Leite e derivados tem alta de até 30% nos preços deixando café da manhã mais caro

Leite e derivados tem alta de até 30% nos preços deixando café da manhã mais caro


O consumidor que costuma ir aos supermercados em busca de leite e derivados provavelmente tem notado um aumento nos preços destes nos últimos meses, e teve que gastar um pouco mais para levar para casa os produtos do café da manhã. A elevação do leite líquido, por exemplo, de acordo com o vice-presidente da Associação dos Supermercados do Ceará (Acesu), Nidovando Pinheiro, gira em torno de 20% e 30%, em decorrência do aumento do milho e da soja - componentes da ração do gado - que também aumentou.

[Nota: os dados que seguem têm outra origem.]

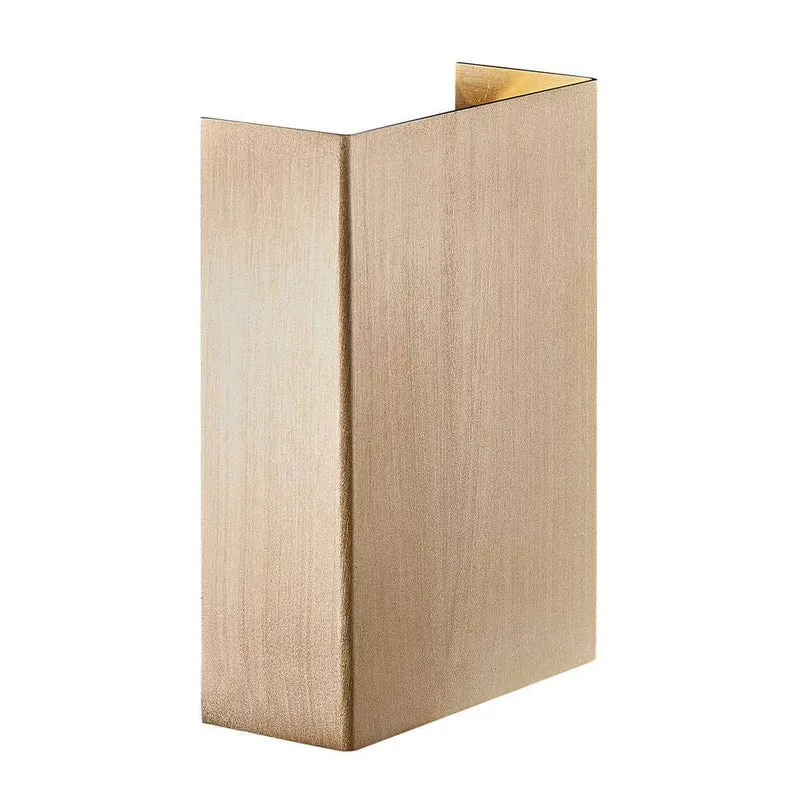 Fold 10 LED Wandleuchte IP54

"Nós só vemos os preços aumentando a cada dia que passa e perguntamos aos fornecedores o que está acontecendo. Eles falam que é o custo do milho e da soja, que estão mais caros, e eles têm que repassar para nós. Todos os componentes da ração do gado tiveram reajuste, e os produtores rurais, assim como a indústria, tiveram que fazer isso (elevar os valores). Já nos comunicaram que subirá mais uma vez porque não há como segurar. Se não tivermos produtos estocados, teremos que repassar ao consumidor final", afirma Nidovando Pinheiro.

Conforme o vice-presidente da Acesu, os preços mais caros do leite e derivados já vêm sendo observados há alguns meses, desde junho especificamente, o que tornou inevitável o repasse integral aos consumidores finais. Quem vai a mercadinhos e supermercados já sente no bolso a elevação dos valores destes produtos.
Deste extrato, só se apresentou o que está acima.